== Work instructions ==
Set down, exactly as written, every line from the one containing "A cozy wooden" through the end of the listing.
---------------
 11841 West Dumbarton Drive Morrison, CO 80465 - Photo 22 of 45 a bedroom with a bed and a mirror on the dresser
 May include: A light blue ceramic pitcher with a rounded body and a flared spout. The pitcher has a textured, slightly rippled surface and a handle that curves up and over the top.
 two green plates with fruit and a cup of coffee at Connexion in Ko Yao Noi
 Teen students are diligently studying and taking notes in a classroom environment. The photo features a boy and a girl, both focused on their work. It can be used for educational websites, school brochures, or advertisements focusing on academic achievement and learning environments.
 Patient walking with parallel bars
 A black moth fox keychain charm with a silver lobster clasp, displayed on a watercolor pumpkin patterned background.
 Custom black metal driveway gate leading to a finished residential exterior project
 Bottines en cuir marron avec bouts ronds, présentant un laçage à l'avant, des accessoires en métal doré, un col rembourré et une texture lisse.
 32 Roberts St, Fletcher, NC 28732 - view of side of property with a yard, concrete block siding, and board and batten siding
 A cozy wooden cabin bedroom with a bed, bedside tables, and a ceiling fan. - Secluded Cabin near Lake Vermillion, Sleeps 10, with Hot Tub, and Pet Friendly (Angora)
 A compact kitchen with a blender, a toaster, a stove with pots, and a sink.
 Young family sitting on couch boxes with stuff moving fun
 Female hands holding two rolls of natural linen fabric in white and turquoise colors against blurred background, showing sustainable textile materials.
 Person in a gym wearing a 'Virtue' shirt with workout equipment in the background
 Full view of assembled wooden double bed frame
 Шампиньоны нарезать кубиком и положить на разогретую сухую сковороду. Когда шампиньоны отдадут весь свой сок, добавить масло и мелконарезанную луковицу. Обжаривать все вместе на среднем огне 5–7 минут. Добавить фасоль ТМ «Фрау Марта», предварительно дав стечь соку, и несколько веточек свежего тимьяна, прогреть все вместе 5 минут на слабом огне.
---------------
== Exercise result ==
 A cozy wooden cabin bedroom with a bed, bedside tables, and a ceiling fan. - Secluded Cabin near Lake Vermillion, Sleeps 10, with Hot Tub, and Pet Friendly (Angora)
 A compact kitchen with a blender, a toaster, a stove with pots, and a sink.
 Young family sitting on couch boxes with stuff moving fun
 Female hands holding two rolls of natural linen fabric in white and turquoise colors against blurred background, showing sustainable textile materials.
 Person in a gym wearing a 'Virtue' shirt with workout equipment in the background
 Full view of assembled wooden double bed frame
 Шампиньоны нарезать кубиком и положить на разогретую сухую сковороду. Когда шампиньоны отдадут весь свой сок, добавить масло и мелконарезанную луковицу. Обжаривать все вместе на среднем огне 5–7 минут. Добавить фасоль ТМ «Фрау Марта», предварительно дав стечь соку, и несколько веточек свежего тимьяна, прогреть все вместе 5 минут на слабом огне.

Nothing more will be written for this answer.